Task statement. No pictures belong in the result; set down exactly the lines from the one containing "Libros antiguos: COURS" through the final line of the listing, and nothing more.

···

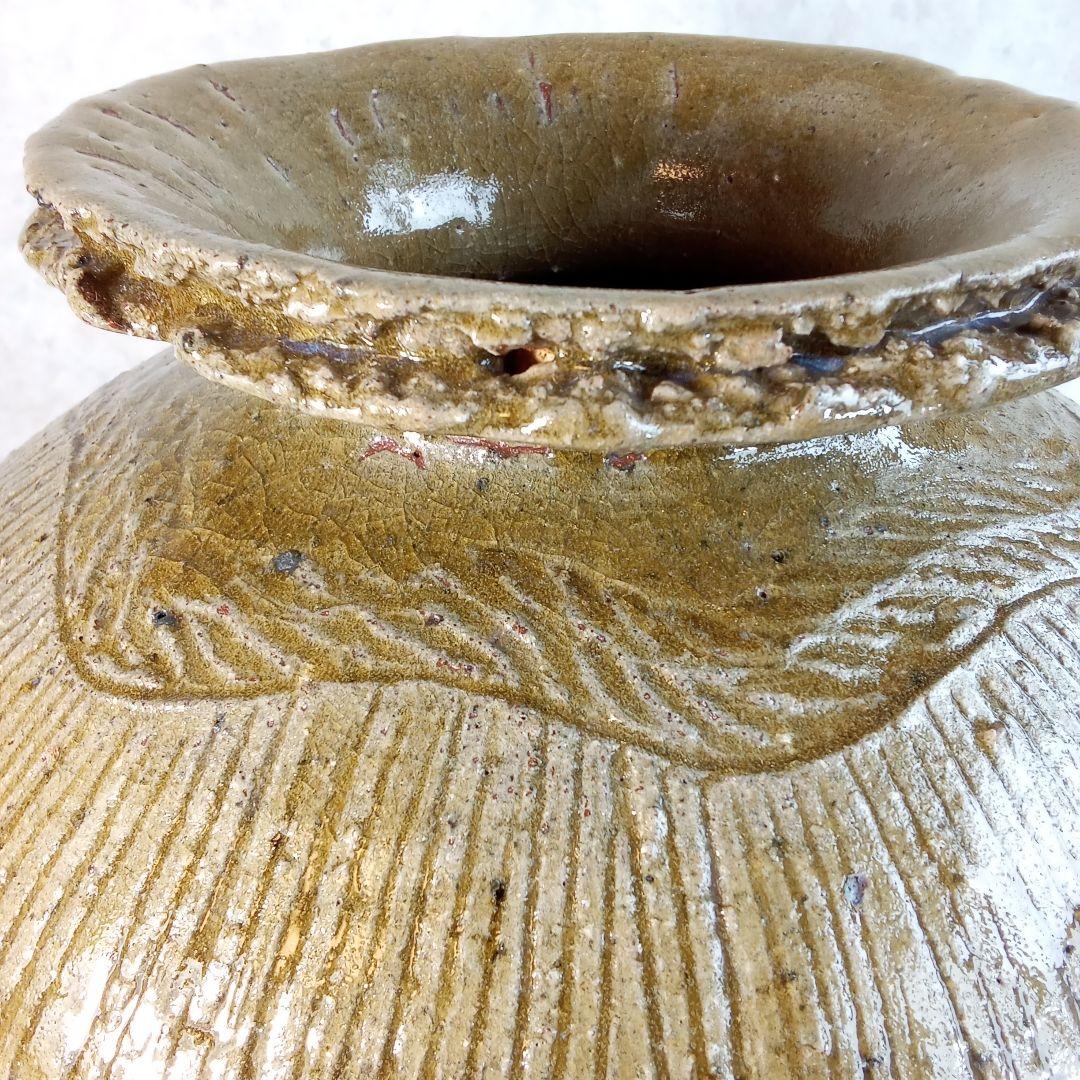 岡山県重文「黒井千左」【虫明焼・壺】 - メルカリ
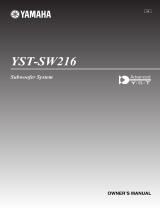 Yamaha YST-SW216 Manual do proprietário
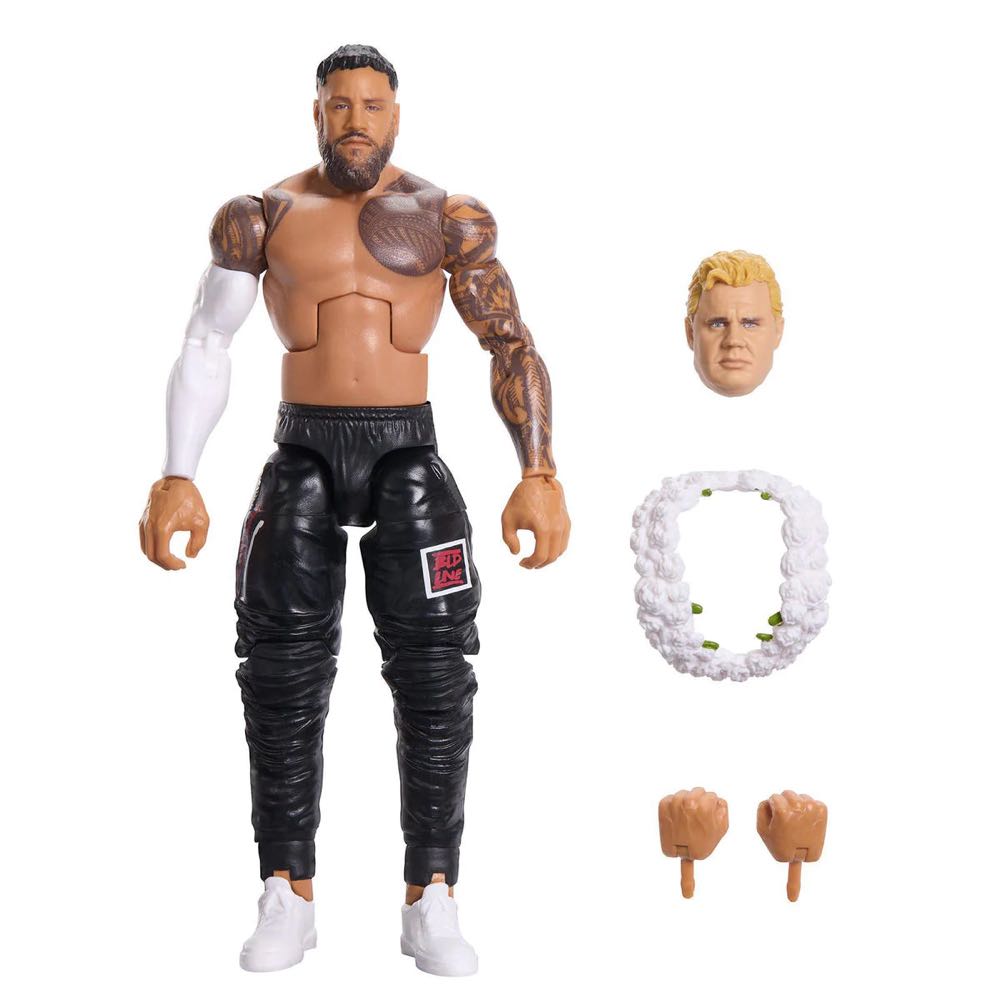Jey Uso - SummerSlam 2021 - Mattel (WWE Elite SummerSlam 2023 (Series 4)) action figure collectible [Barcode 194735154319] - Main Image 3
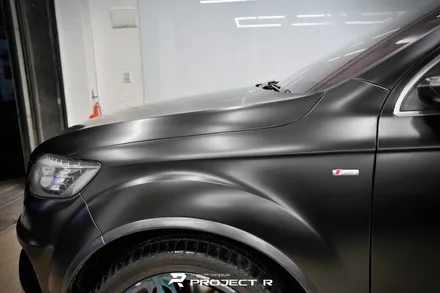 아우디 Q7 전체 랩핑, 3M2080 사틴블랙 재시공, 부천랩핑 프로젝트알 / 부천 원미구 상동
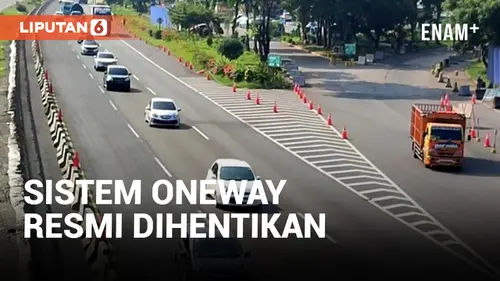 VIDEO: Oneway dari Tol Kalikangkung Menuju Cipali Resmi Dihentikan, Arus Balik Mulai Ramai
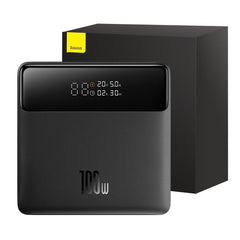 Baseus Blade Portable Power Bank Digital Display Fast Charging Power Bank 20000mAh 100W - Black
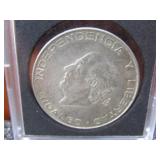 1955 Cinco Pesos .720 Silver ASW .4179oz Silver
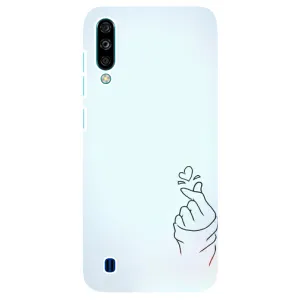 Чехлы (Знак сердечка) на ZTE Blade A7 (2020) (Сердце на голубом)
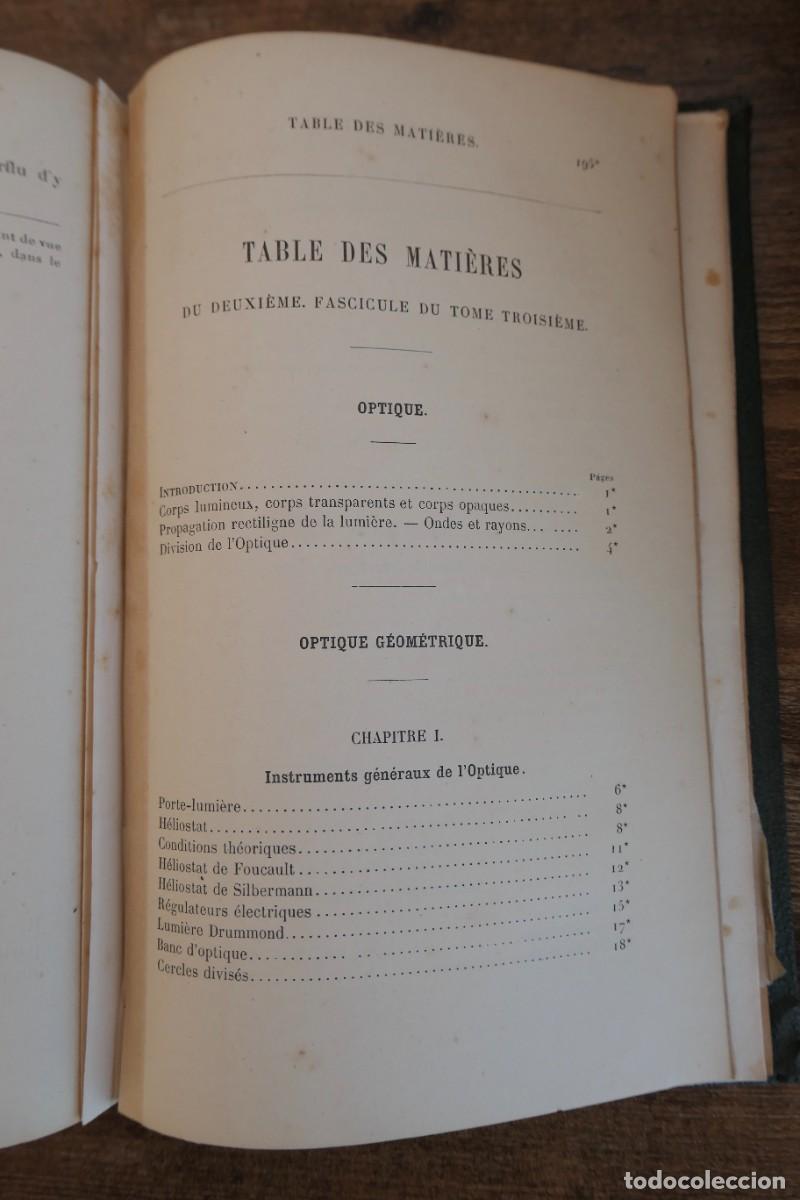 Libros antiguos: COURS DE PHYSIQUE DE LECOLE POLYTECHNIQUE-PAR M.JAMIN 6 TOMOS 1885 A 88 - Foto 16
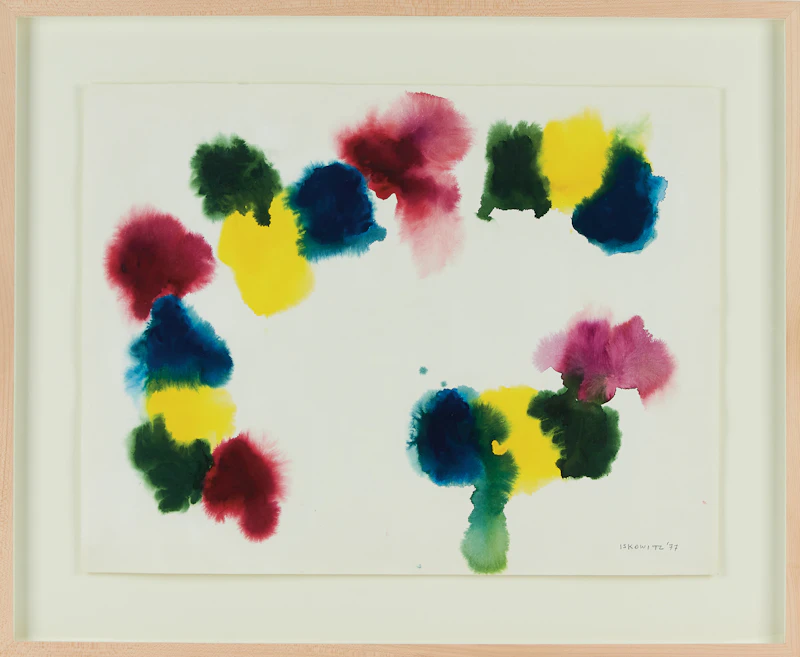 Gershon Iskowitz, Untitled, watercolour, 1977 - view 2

···

Exercise result.
 Libros antiguos: COURS DE PHYSIQUE DE LECOLE POLYTECHNIQUE-PAR M.JAMIN 6 TOMOS 1885 A 88 - Foto 16
 Gershon Iskowitz, Untitled, watercolour, 1977 - view 2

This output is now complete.